= What to do =
What is needed is an exact copy of the records, with the images left out.

= Data in this exercise =
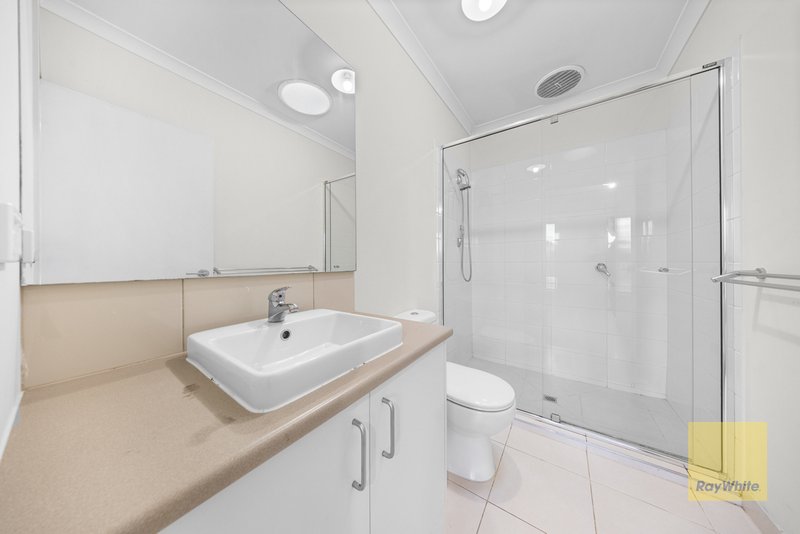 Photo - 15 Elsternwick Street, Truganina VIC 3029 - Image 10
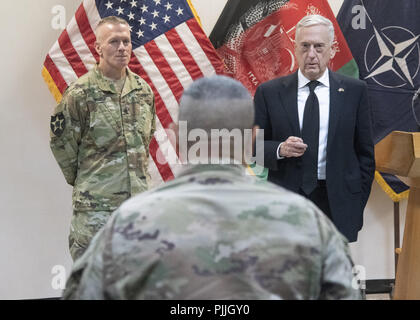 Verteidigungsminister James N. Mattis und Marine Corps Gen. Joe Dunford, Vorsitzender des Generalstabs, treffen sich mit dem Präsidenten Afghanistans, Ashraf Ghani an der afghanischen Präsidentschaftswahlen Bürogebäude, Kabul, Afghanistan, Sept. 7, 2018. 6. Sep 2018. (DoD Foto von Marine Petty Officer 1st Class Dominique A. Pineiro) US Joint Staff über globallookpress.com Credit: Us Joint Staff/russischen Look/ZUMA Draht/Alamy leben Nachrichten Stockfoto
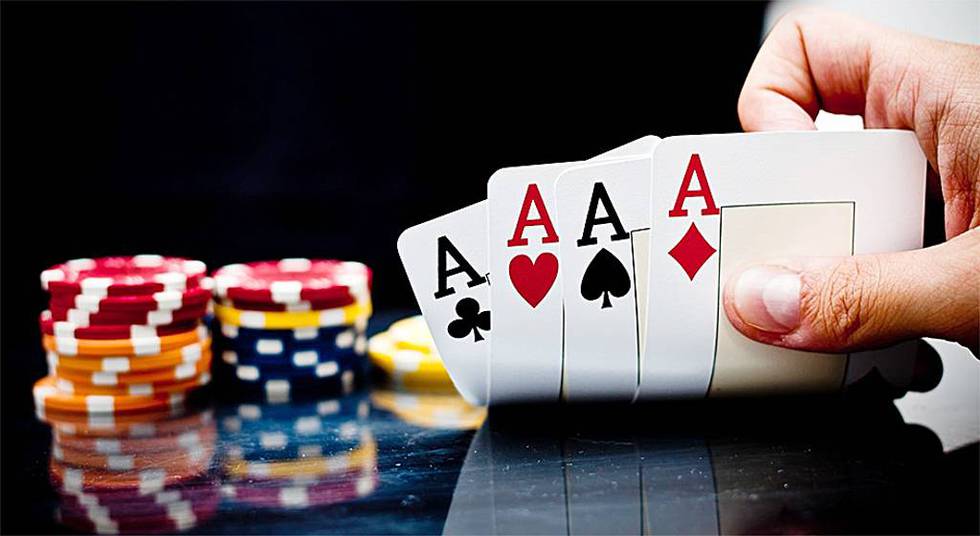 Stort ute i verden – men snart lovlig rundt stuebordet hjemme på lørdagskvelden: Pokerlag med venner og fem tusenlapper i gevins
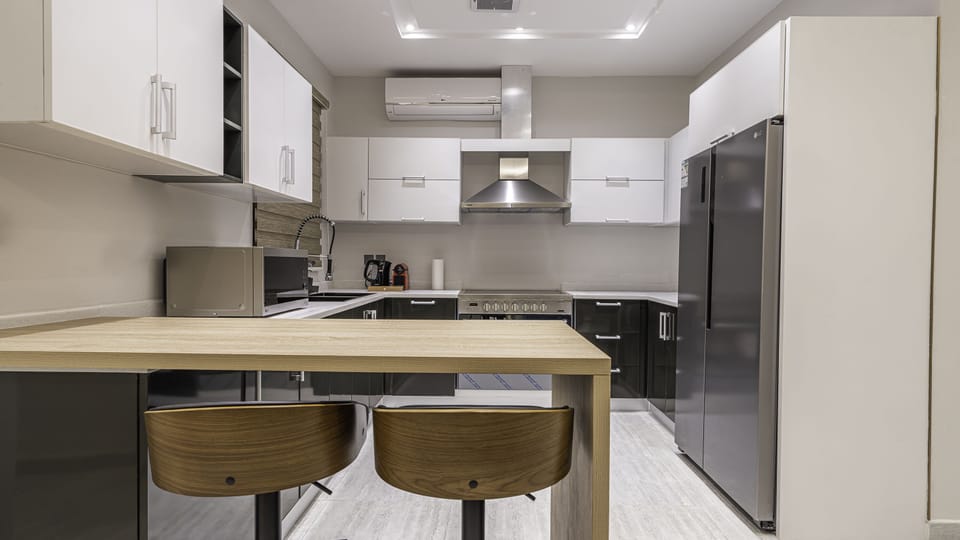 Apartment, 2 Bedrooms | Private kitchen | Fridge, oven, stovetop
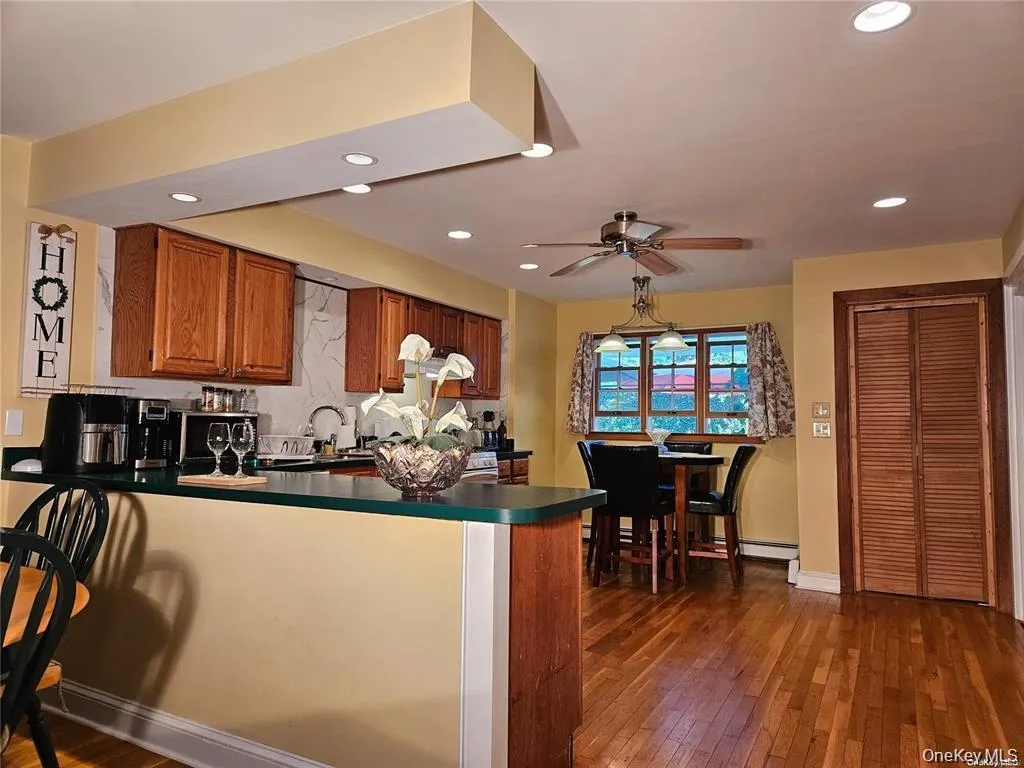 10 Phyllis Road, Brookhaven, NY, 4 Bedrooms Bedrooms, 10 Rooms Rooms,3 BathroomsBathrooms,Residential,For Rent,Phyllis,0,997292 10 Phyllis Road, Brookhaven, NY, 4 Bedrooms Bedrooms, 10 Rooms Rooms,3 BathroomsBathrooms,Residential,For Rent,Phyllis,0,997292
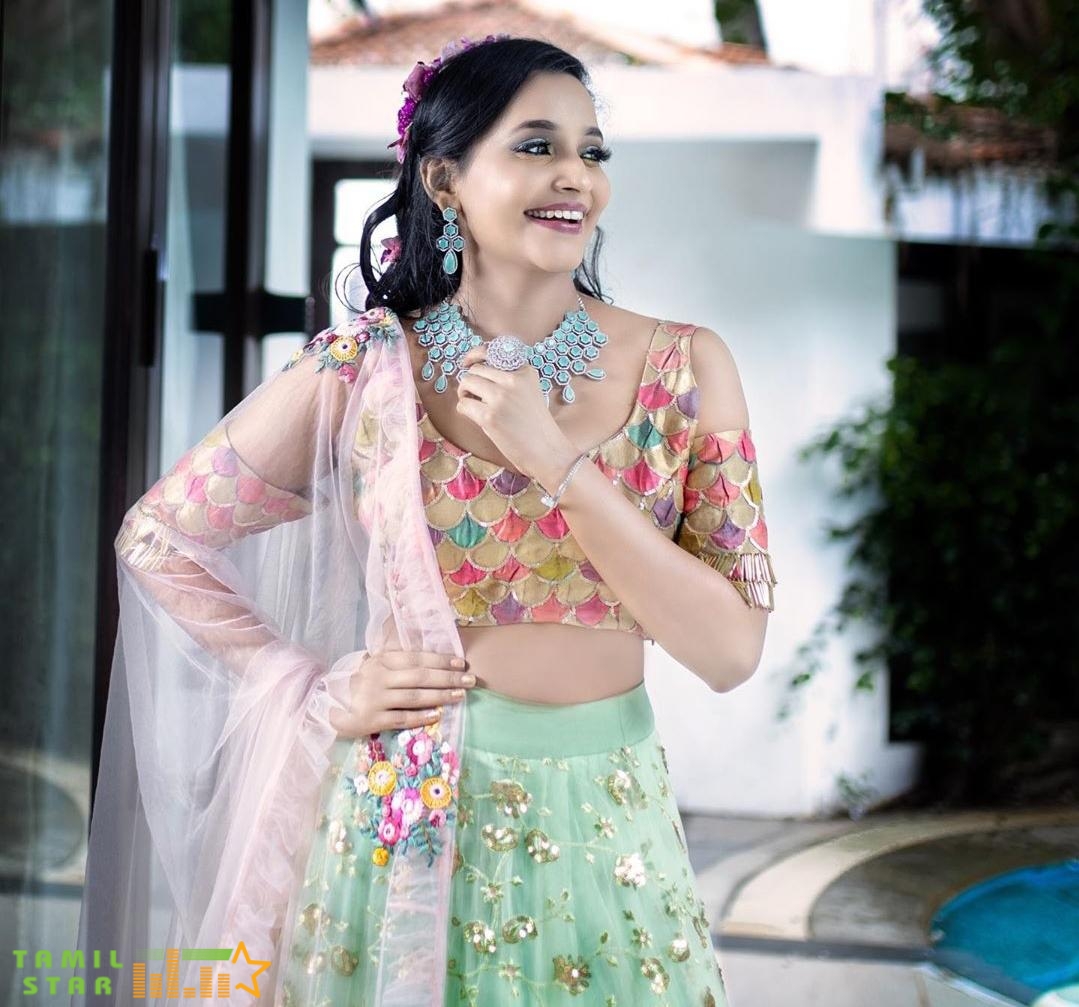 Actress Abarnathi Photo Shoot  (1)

= Response box =
 Photo - 15 Elsternwick Street, Truganina VIC 3029 - Image 10
 Verteidigungsminister James N. Mattis und Marine Corps Gen. Joe Dunford, Vorsitzender des Generalstabs, treffen sich mit dem Präsidenten Afghanistans, Ashraf Ghani an der afghanischen Präsidentschaftswahlen Bürogebäude, Kabul, Afghanistan, Sept. 7, 2018. 6. Sep 2018. (DoD Foto von Marine Petty Officer 1st Class Dominique A. Pineiro) US Joint Staff über globallookpress.com Credit: Us Joint Staff/russischen Look/ZUMA Draht/Alamy leben Nachrichten Stockfoto
 Stort ute i verden – men snart lovlig rundt stuebordet hjemme på lørdagskvelden: Pokerlag med venner og fem tusenlapper i gevins
 Apartment, 2 Bedrooms | Private kitchen | Fridge, oven, stovetop
 10 Phyllis Road, Brookhaven, NY, 4 Bedrooms Bedrooms, 10 Rooms Rooms,3 BathroomsBathrooms,Residential,For Rent,Phyllis,0,997292 10 Phyllis Road, Brookhaven, NY, 4 Bedrooms Bedrooms, 10 Rooms Rooms,3 BathroomsBathrooms,Residential,For Rent,Phyllis,0,997292
 Actress Abarnathi Photo Shoot  (1)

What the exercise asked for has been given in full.